Start of Data to examine
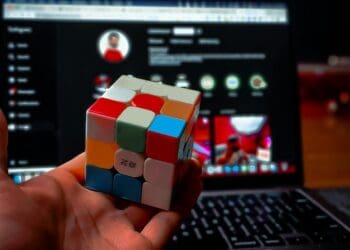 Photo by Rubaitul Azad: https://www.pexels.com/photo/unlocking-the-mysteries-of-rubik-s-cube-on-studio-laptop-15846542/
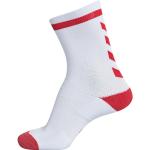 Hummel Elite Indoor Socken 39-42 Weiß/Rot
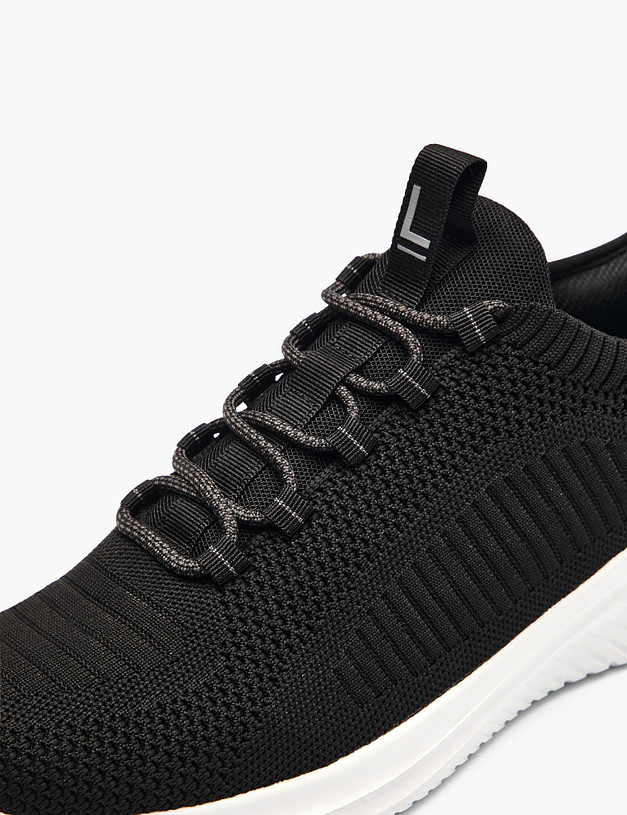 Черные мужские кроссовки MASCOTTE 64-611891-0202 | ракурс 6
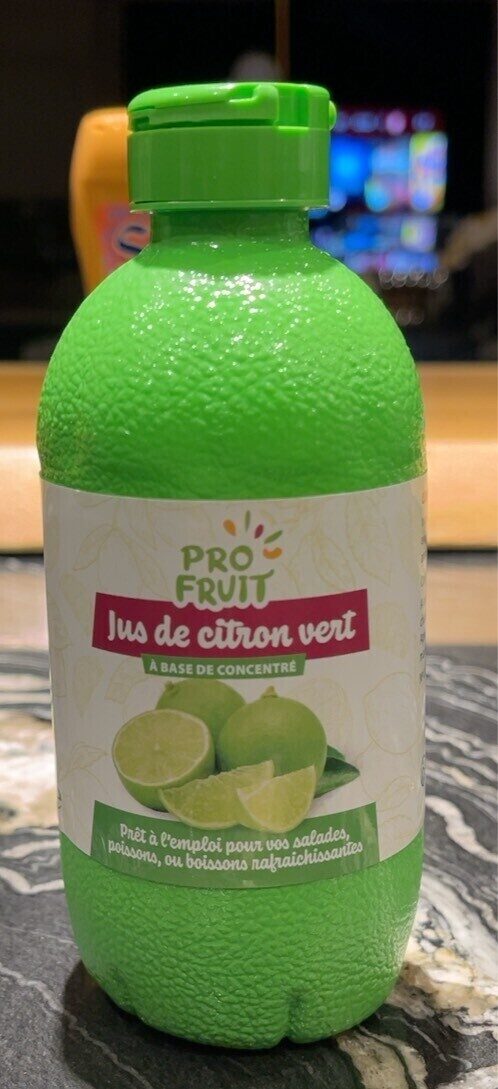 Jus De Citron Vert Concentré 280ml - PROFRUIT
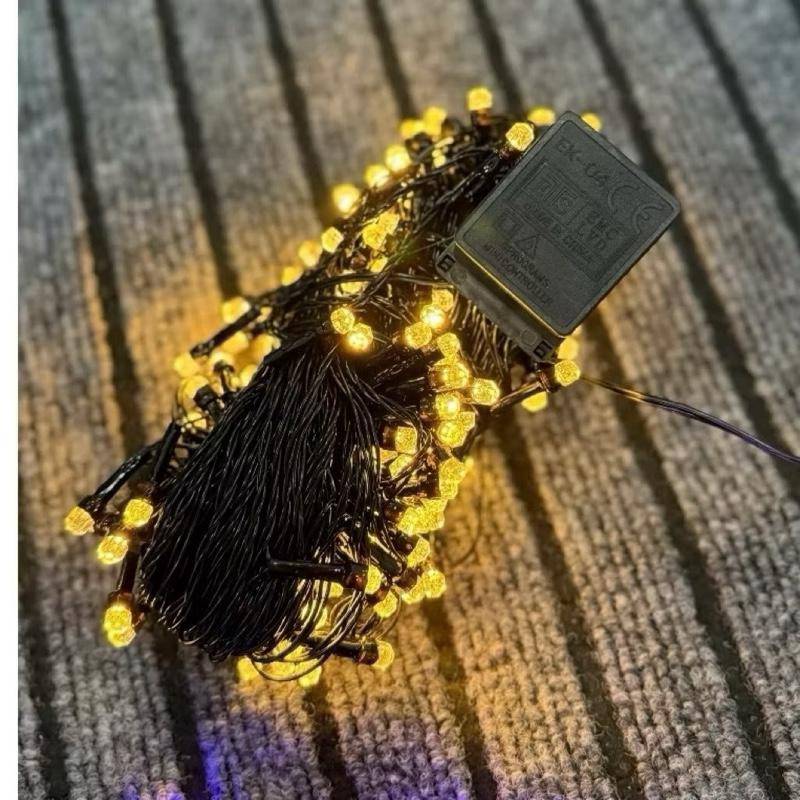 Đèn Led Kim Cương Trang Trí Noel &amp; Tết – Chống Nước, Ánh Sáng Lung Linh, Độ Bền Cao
End of Data to examine
### Exercise requirements:
Quote the preceding records in their entirety, excluding every picture.

### Result below:
 Photo by Rubaitul Azad: https://www.pexels.com/photo/unlocking-the-mysteries-of-rubik-s-cube-on-studio-laptop-15846542/
 Hummel Elite Indoor Socken 39-42 Weiß/Rot
 Черные мужские кроссовки MASCOTTE 64-611891-0202 | ракурс 6
 Jus De Citron Vert Concentré 280ml - PROFRUIT
 Đèn Led Kim Cương Trang Trí Noel &amp; Tết – Chống Nước, Ánh Sáng Lung Linh, Độ Bền Cao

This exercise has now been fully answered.